DESCRIPTION OF THE TASK — What you return should be every line below, word for word, and none of the images.

Web page caption snippets:
+===+
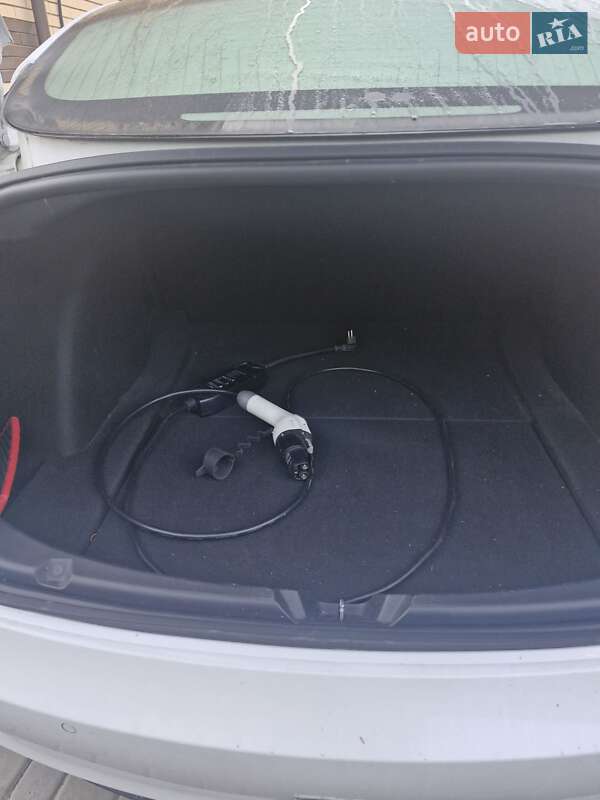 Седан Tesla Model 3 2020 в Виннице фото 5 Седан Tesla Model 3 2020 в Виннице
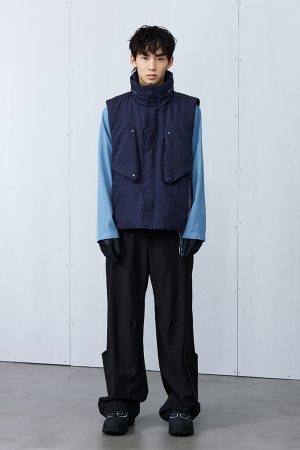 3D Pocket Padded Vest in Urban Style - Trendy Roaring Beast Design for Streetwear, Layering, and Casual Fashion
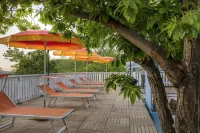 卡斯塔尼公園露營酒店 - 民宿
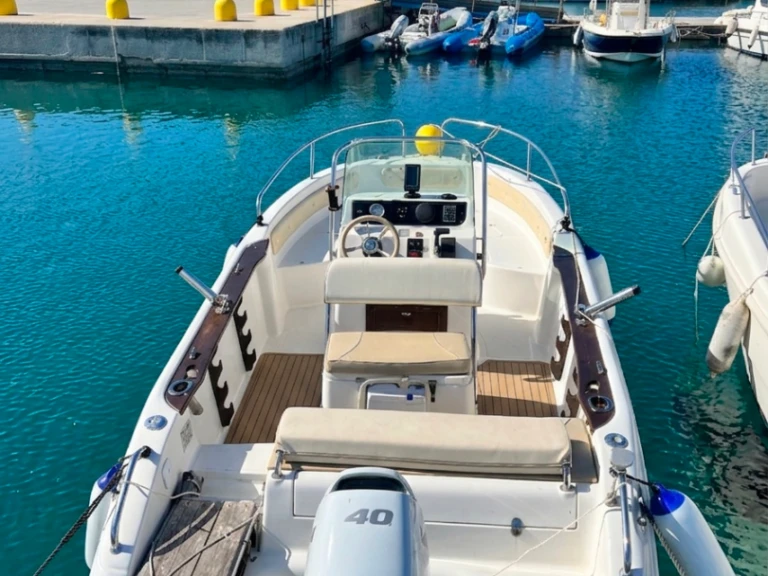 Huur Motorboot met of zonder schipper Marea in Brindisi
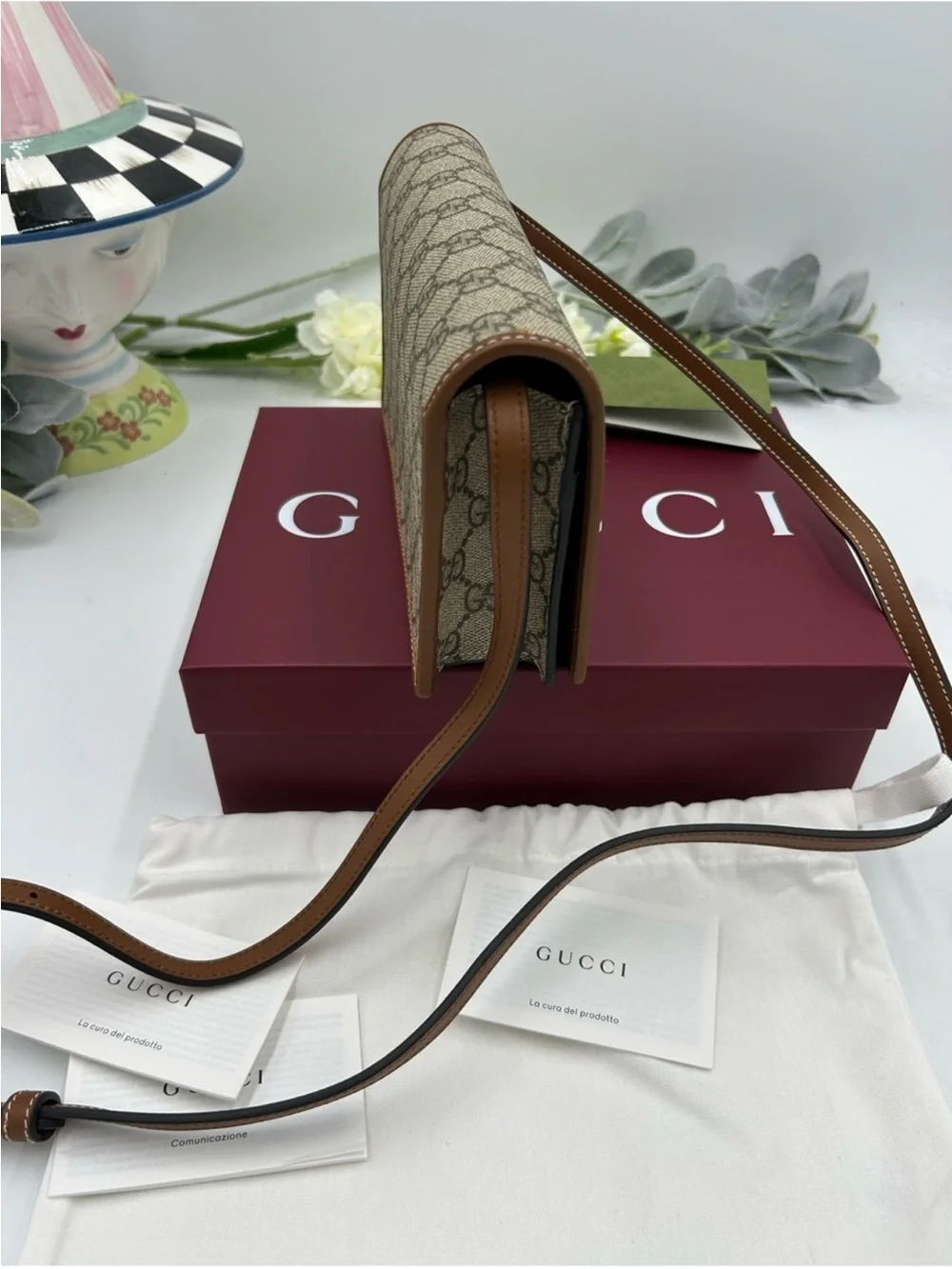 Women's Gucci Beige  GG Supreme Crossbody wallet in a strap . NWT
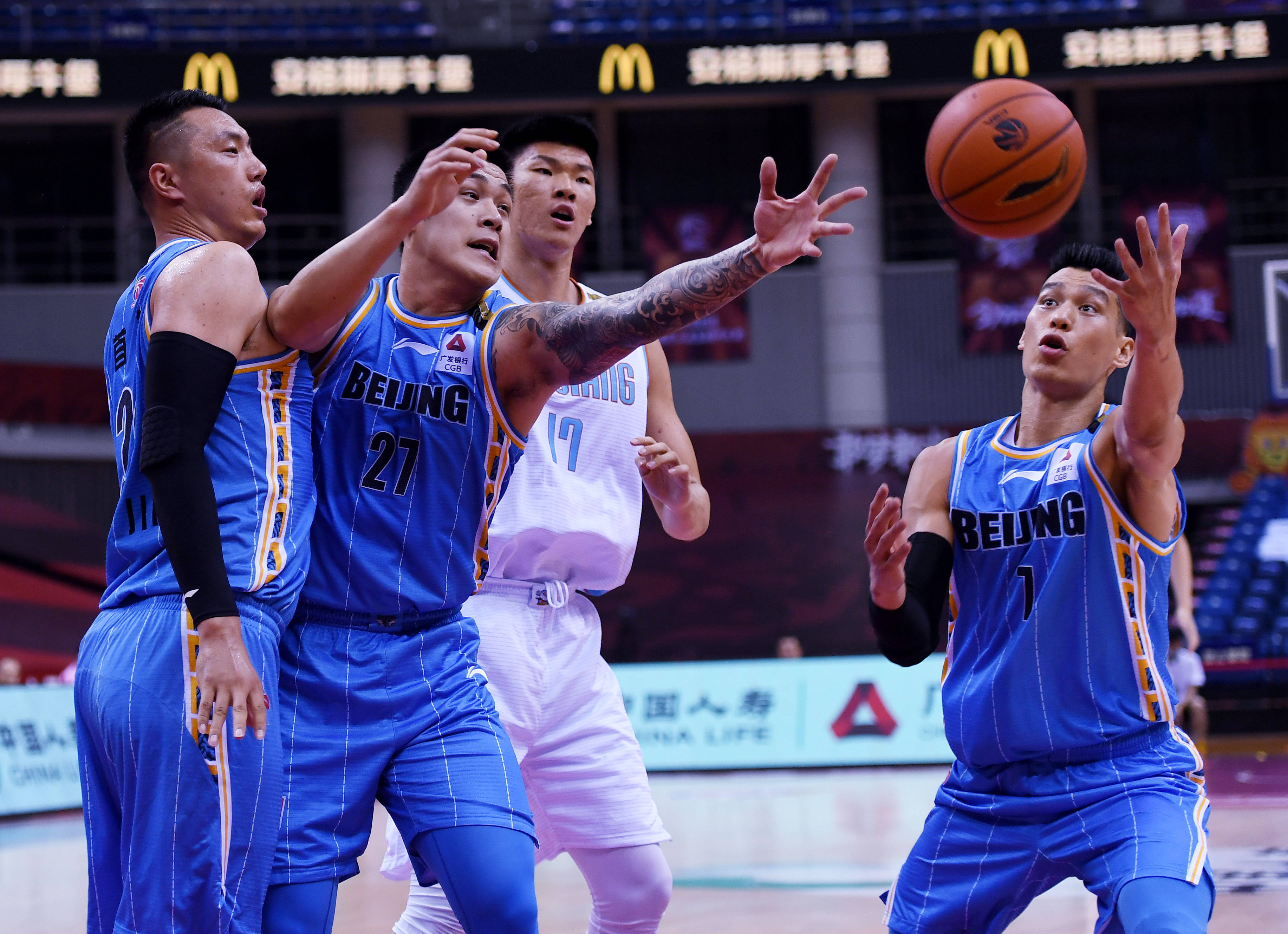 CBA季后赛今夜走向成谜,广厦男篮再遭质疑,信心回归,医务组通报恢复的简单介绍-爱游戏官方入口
+===+
EXERCISE ANSWER —
 Седан Tesla Model 3 2020 в Виннице фото 5 Седан Tesla Model 3 2020 в Виннице
 3D Pocket Padded Vest in Urban Style - Trendy Roaring Beast Design for Streetwear, Layering, and Casual Fashion
 卡斯塔尼公園露營酒店 - 民宿
 Huur Motorboot met of zonder schipper Marea in Brindisi
 Women's Gucci Beige  GG Supreme Crossbody wallet in a strap . NWT
 CBA季后赛今夜走向成谜,广厦男篮再遭质疑,信心回归,医务组通报恢复的简单介绍-爱游戏官方入口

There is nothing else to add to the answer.